Full-automatic test system and test method for defibrillation pacemaker
Technical Field
The invention relates to the technical field of medical instrument testing, in particular to a full-automatic testing system and a testing method for a defibrillation pacemaker.
Background
Defibrillation pacing analyzers are used for calibration and quality control of defibrillators and Automatic External Defibrillators (AEDs). With the development of biomedical engineering, medical instruments are widely applied to clinical medical care work. The quality control of medical instruments directly affects the life safety of patients.
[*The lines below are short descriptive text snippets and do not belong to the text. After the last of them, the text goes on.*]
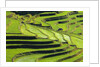 Terraced rice fields in Yunnan Province, China by Anonymous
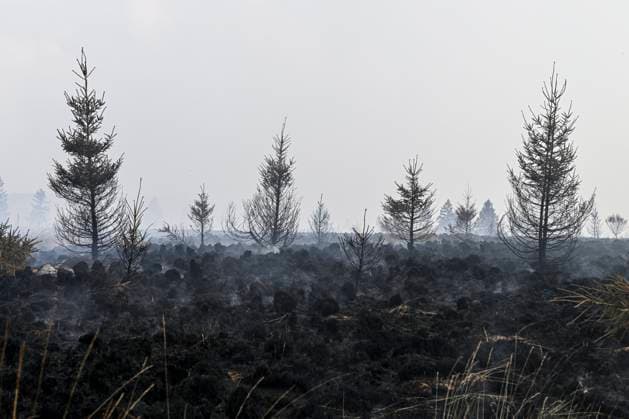 Fire in the Belgian High Fens VOTTEM, BELGIUM - AUGUST 17 : View of the High Fens after an important fire has broken out in the Belgian High Fens on August 17, 2026 in Vottem, Belgium, 17 08 2026 Baelen Belgium  Copyright: xDhax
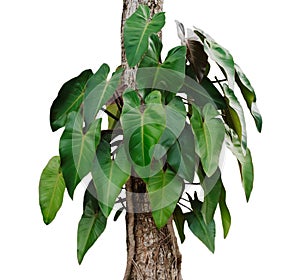 monstera leaves on tree isolate on white background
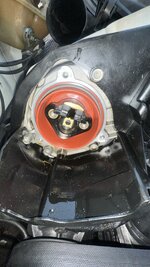 IMG_7336.jpeg IMG_7336.jpeg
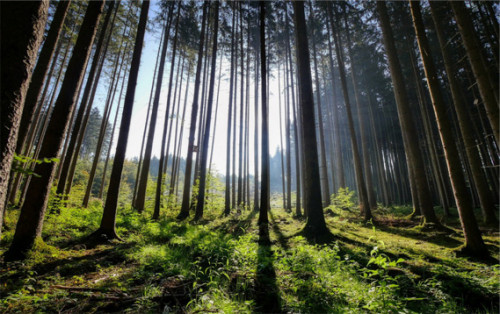 Miškų valdymo standartas užtikrins geresnę miškų apsaugą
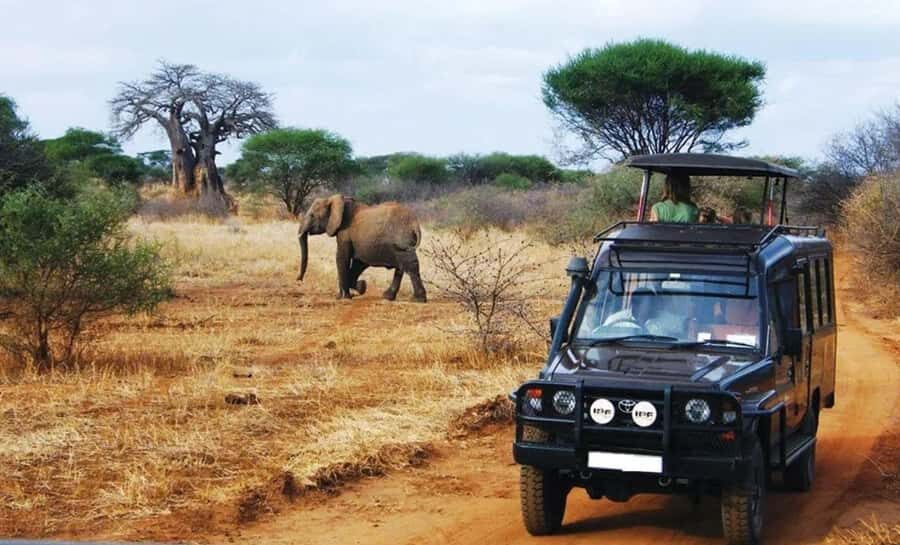 Half Day Natal Lion P & Tala Game Reserve from Durban Safari - Key Points Before You Go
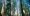 6975441-big-trees-forest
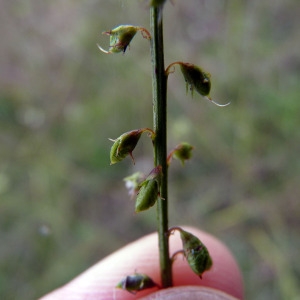 Photographie n°95142 du taxon Melilotus albus Medik. [1787]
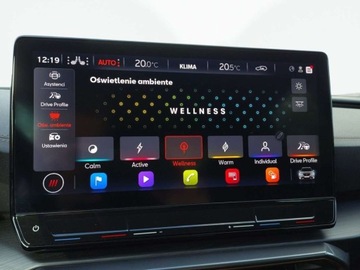 Cupra Formentor Crossover 2.0 TSI 310KM 2022 Cupra Formentor 2.0 Benzyna 310KM, zdjęcie 36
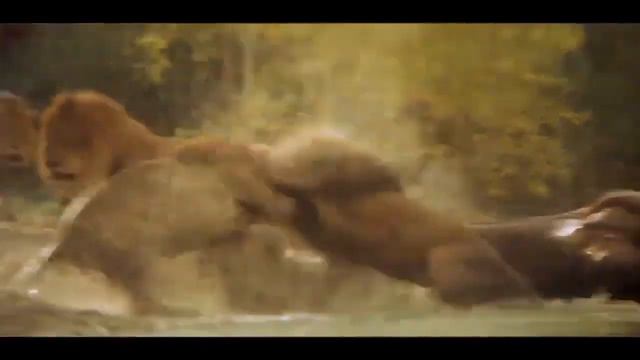 Lion vs Tiger | Лев против Тигра. #2 смотреть онлайн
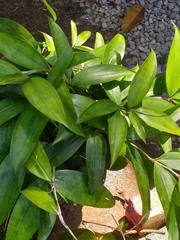 Dracaena surculosa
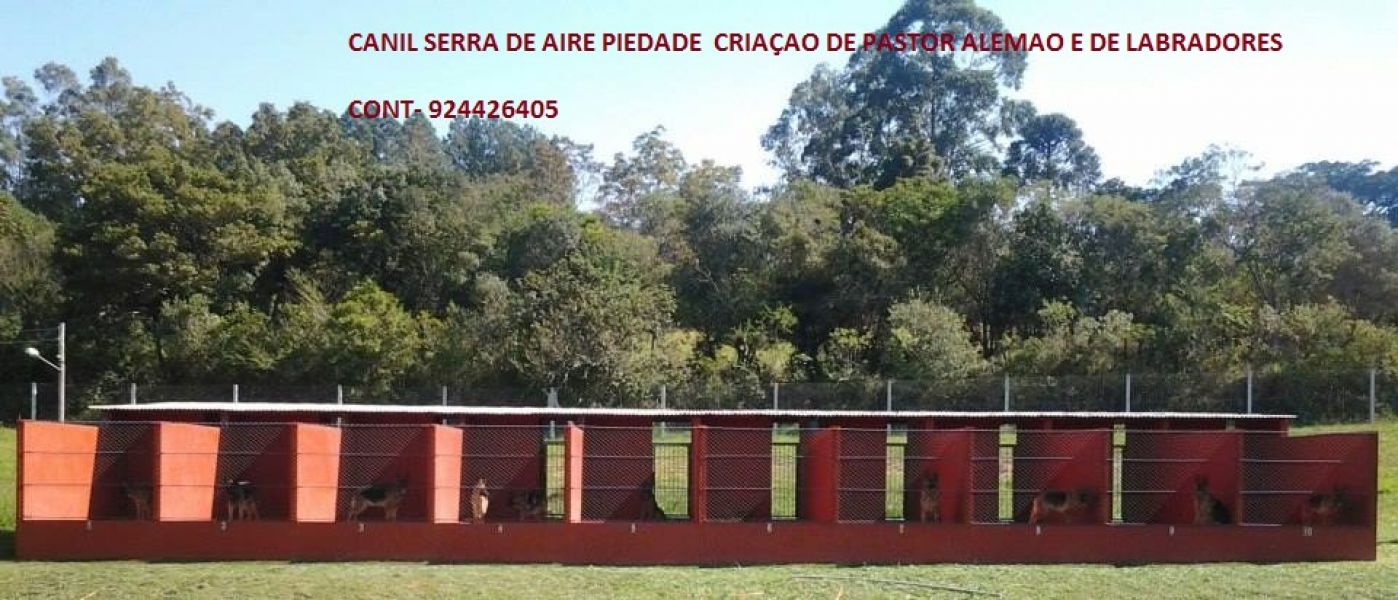 Pastores alemaes de qualidade  com pediggre 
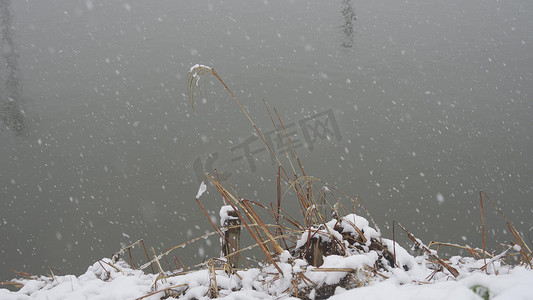 1080冬天下雪天河边枯草飘雪画面孤独意境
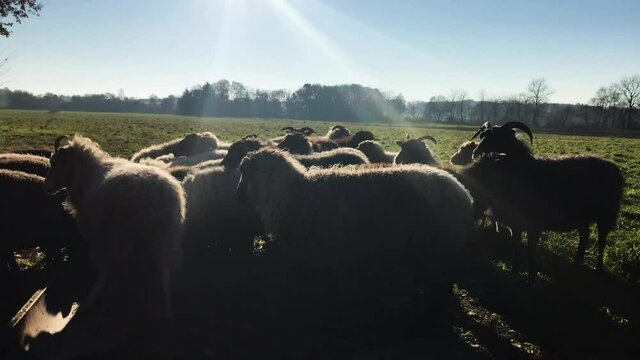 Schafherde auf gr&uuml;ner Weide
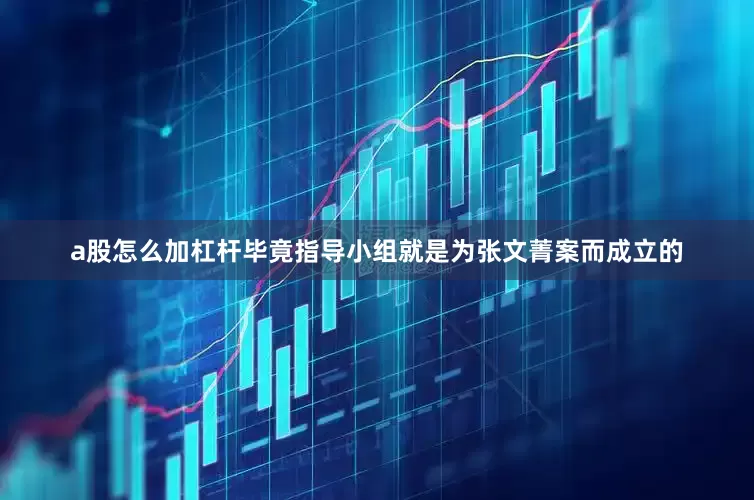 a股怎么加杠杆毕竟指导小组就是为张文菁案而成立的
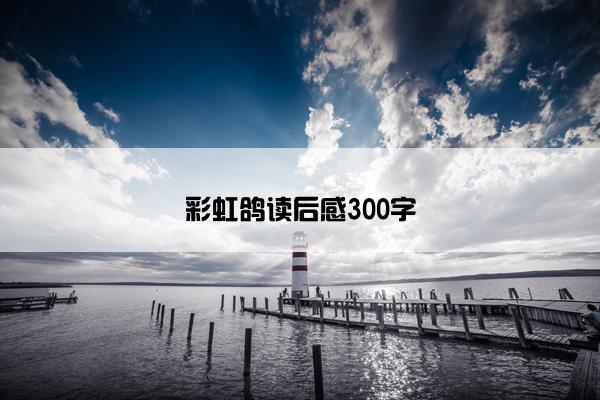 彩虹鸽读后感300字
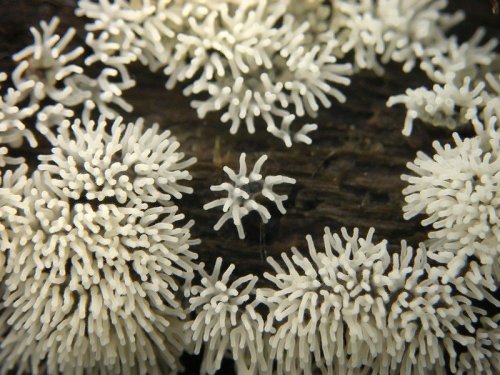 wnycradiolab:  Can I spend the rest of the day looking at slime molds, please? There are more for your viewing pleasure here and here. 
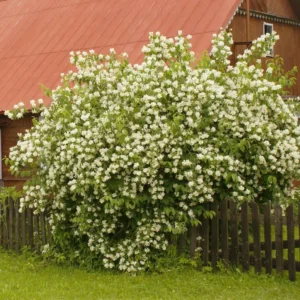 White Mock Orange Tree Live Plant - Fragrant Philadelphus - 9-17 Inch Potted Bush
The defibrillator is widely applied to departments such as ICU, emergency department, operating room, resuscitation room and the like in various hospitals, and is the most effective medical rescue equipment for rescuing and treating arrhythmia in the departments. With the development of the public utilities of China, the nation has introduced the compendium for the planning of "2030 in health China". Planning points out that the medical first-aid system is further perfected and the treatment efficiency is improved. Among them, the configuration and popularization of Automated external defibrillator (AED for short) are an important sign of the progress of national public health. There are several provinces and cities that have deployed AEDs in crowded public places. With the widespread use of these defibrillation devices, the quality problem is directly related to the personal safety of patients and the public, so that each defibrillation device needs a professional device to detect so as to ensure that the defibrillation device can work normally and safely.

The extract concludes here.